Piechowski, 50, recently returned to Cleveland after living in New York for more than a dozen years, and for him, conservative is a new look. "I've worn some wild styles in the past, so for me, a crisp white shirt is different and fresh!"
"I try to reflect our restaurant, which is very classy," says Maggie Metzner of Three Birds in Lakewood. "Our attire is very dressy: skirts and heels."
Ean Carroll of Boulevard Blue in Cleveland likes to get creative. "I try to look professional, but I add a little spice," he says. "I wear a lot of bright colors, pastels, different shades of purple and lavender -- but I'll wear them under a sweater or jacket to tone it down. You just want a flash of brightness. You don't want to overwhelm people.
"I think our guests want to see a greeter with his or her own personal flair, not a cookie-cutter look," Carroll continues. "It's all part of the dining-out experience."
Jakiya McIntyre of the Cheesecake Factory at Legacy Village in Lyndhurst sees thousands of people each week at the popular chain spot.
"I need to be comfortable, but also really cute," she says with a giggle. "It can be cold with the door opening and closing all the time -- so I wear a lot of sweaters, something fuzzy and off the shoulders, and yeah, maybe a little sexy!"
Best feet forward
The most painful conundrum of all: Really fabulous shoes are not comfortable.

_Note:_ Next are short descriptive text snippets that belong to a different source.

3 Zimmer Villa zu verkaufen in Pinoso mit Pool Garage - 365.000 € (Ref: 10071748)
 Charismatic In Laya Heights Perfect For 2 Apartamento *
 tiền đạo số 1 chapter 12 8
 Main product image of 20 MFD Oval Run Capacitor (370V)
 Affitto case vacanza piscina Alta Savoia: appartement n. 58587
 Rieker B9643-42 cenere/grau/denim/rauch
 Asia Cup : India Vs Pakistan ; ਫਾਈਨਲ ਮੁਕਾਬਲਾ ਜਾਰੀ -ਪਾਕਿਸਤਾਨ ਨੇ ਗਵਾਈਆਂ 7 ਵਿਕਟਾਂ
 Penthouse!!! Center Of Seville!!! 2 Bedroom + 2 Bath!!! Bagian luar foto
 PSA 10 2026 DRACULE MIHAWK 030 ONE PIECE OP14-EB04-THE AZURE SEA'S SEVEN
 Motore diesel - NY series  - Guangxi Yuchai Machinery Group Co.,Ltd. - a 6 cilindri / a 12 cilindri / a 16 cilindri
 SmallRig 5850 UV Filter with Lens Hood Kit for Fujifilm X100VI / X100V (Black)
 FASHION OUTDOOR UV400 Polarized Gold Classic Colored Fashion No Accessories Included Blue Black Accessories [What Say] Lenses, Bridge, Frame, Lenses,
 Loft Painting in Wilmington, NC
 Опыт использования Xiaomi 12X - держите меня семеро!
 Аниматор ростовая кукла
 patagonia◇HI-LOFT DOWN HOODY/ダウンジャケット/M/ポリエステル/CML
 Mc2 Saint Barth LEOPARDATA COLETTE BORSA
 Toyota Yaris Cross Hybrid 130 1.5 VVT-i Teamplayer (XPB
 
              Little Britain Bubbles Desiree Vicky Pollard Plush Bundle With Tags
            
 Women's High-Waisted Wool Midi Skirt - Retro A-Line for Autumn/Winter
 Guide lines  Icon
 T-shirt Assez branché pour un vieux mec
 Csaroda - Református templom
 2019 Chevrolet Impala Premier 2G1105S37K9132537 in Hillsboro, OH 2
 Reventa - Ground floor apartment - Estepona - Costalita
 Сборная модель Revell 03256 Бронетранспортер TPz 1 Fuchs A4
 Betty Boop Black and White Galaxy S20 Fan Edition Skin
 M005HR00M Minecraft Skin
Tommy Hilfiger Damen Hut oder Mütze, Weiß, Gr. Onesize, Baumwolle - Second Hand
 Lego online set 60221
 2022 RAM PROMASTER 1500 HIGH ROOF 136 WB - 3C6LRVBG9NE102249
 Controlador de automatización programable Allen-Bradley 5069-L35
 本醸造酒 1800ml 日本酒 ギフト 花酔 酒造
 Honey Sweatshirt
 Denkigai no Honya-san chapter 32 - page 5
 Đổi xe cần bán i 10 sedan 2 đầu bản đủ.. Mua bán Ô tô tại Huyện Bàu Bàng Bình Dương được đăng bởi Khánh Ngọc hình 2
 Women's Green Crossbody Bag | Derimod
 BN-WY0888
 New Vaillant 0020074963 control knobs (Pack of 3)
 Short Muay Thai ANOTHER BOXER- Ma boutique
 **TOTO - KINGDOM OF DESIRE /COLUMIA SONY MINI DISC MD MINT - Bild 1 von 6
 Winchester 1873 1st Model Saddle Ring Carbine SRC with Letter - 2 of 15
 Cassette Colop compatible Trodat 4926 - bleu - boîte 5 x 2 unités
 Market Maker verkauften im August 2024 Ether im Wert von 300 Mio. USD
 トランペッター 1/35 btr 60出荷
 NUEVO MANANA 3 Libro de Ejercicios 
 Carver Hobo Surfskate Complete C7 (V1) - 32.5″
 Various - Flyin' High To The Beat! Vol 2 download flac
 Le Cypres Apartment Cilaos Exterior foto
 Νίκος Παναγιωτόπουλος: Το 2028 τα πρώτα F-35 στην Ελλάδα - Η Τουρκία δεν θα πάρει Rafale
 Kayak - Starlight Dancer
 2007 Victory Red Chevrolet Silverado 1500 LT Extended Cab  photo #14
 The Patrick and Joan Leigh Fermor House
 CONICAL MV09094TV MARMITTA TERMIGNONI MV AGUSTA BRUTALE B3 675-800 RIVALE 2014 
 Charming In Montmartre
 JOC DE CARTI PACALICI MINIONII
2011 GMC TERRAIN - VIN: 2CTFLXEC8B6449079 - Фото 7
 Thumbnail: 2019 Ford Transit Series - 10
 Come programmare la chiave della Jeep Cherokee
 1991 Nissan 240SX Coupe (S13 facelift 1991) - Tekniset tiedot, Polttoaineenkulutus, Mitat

"My feet are killing me all the time," admits Piechowski. "I want to punch Kenneth Cole in the nose."
"I like to wear heels, but I usually end up in these little tennie things," says Shanna Sheline of Parallax in Cleveland's Tremont neighborhood. "In the summer, it's a lot of cute sandals, but now we're running up and down stairs to the coat-check room all night -- I'm sticking to flats."
"Usually my shoes are very stylish -- until midnight. Then you might see me slip into something that's much less stylish," says Tiffany Monday of the tiny, chic Downtown 140 in Hudson.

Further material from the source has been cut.